1 · The question: "who spent the most?"
customers and orders live in separate tables, so answering means stitching them on the
shared key (orders.customer_id -> customers.id) and summing per person.
SELECT c.name,
count(o.id) AS orders,
coalesce(sum(o.total),0) AS spent
FROM customers c
LEFT JOIN orders o ON o.customer_id = c.id
GROUP BY c.name
ORDER BY spent DESC;
Real result set:
name | orders | spent
------+--------+--------
Mei | 1 | 200.00
Ada | 2 | 175.50
Rui | 1 | 80.00
(3 rows)
Mei ranks first at 200.00 from one order, Ada next at 175.50 across two orders, Rui at
80.00 from one.
2 · JOIN — INNER vs LEFT
A JOIN combines rows from two tables on a matching key.
INNER JOIN keeps only rows that match on BOTH sides.
LEFT JOIN keeps EVERY row from the left table (customers), even when the right side
(orders) has nothing — the missing columns come back as NULL.
This is why a customer with zero orders still appears with a LEFT JOIN. With INNER JOIN
they would silently vanish, because no order row exists to match.
3 · COALESCE — turn a missing NULL into a clean zero
For a zero-order customer, sum(o.total) is NULL, not 0. coalesce(sum(o.total),0) returns
the first non-NULL argument, so the NULL becomes 0.00 in the "spent" column. count(o.id)
counts only non-NULL order ids, so a zero-order customer correctly shows 0 orders.
4 · GROUP BY — collapse rows into buckets
GROUP BY c.name puts all of a customer's joined rows into one bucket.

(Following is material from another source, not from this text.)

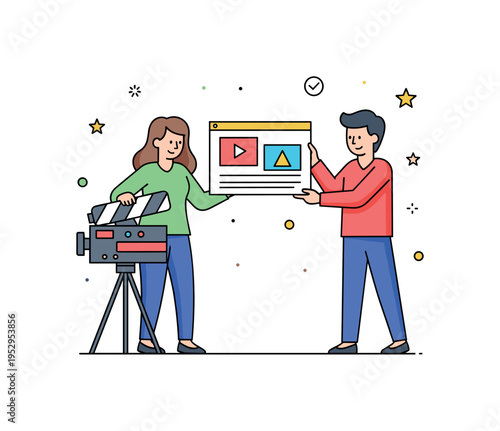 A filmmaker reviewing a storyboard with a collaborator, showing planning, storytelling strategy, and visual narrative development. Minimalist flat vector
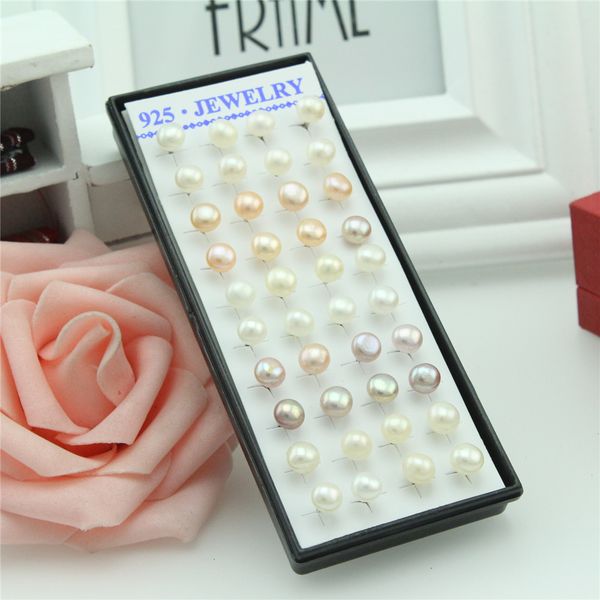 

40pcs 925 sterling silver earrings female mixed color silver inlaid natural pearl earrings round pearl women stud earrings 6mm, Golden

Aggregates then run
once per bucket. Ada has two orders, so her bucket holds two rows that collapse to
count = 2 and sum = 175.50. Anything in the SELECT that is not aggregated must appear in
GROUP BY.
5 · Aggregates — count / sum / avg
count(o.id) -> how many orders (non-NULL) in the bucket
sum(o.total) -> total spend in the bucket
avg(o.total) -> average order value in the bucket
Example (average order value per customer):
SELECT c.name, round(avg(o.total),2) AS avg_order
FROM customers c LEFT JOIN orders o ON o.customer_id = c.id
GROUP BY c.name;
6 · WHERE vs HAVING — the #1 clause-order trap
WHERE filters individual rows BEFORE grouping (it cannot see aggregates).
HAVING filters whole groups AFTER grouping (it filters on the aggregate itself).
So "only customers who spent over 100" is a HAVING on the summed total, never a WHERE:
SELECT c.name, coalesce(sum(o.total),0) AS spent
FROM customers c LEFT JOIN orders o ON o.customer_id = c.id
GROUP BY c.name
HAVING coalesce(sum(o.total),0) > 100
ORDER BY spent DESC;
-- keeps Mei (200.00) and Ada (175.50); drops Rui (80.00).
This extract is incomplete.